The Rays finished with the third-most wins (100) and the third-highest run-differential (plus-206) in the majors. Only one of their pitchers topped 150 innings, but their staff led the AL in ERA and a major league-record 14 different pitchers recorded saves for them. Only one of their position players, catcher Mike Zunino, was an All-Star when the initial rosters were unveiled, and yet the Rays averaged more runs per game than every team except the Astros.

The Rays were bolstered largely by their defense, which ranked third in outs above average, but more broadly by an efficient use of their roster that routinely placed matchups in their favor. It's a concept that manifests itself from the front office and trickles down to Cash, who, despite being roundly criticized for pulling Snell in Game 6 of the 2020 World Series, has developed into one of the game's sound tacticians.

Cash, 43, was a major league catcher from 2002 to 2010, then served as an advanced scout for the Blue Jays in 2012, and as Cleveland's bullpen coach from 2013 to 2014.

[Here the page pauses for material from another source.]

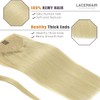 Lacer Pony Tails Extensions Human Hair Straight Wrap Around Hair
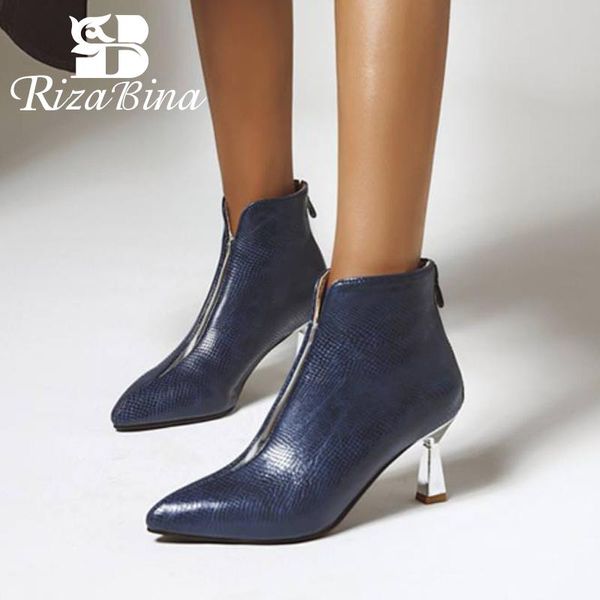 rizabina 5 colors women ankle boots fashion back zipper patchwork shoes women stylish spike heels fur spring footwear size 34-43, Black
rizabina 5 colors women ankle boots fashion back zipper patchwork shoes women stylish spike heels fur spring footwear size 34-43, Black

The Rays hired Cash to succeed Joe Maddon in December 2014, at that point making him the youngest manager in the sport. The Rays finished below .500 in their first three seasons under Cash, but they won 90 games in 2018, claimed a wild-card spot in 2019, fell two games shy of a championship in 2020 and set a franchise record for regular-season victories in 2021, ultimately losing to the Red Sox in the AL Championship Series.

Cash identified Glasnow's torn ulnar collateral ligament, which robbed him of the last three and a half months of what could have been a Cy Young season, as one of the biggest obstacles of this season. But he also noted the loss of dominant back-end reliever Nick Anderson for most of the year and the early season trade of shortstop Willy Adames, a popular clubhouse personality. The latter development, however, prompted the arrival of star prospect Wander Franco, who formed a dynamic tandem with Randy Arozarena, the 2021 AL Rookie of the Year.

"Sometimes the experience is invaluable," Cash said, "but there are times throughout the course of a season, and certainly ours, that maybe we didn't have the experience or the reps on our team, but we had the youth, we had the athleticism and ultimately the talent to perform really, really well."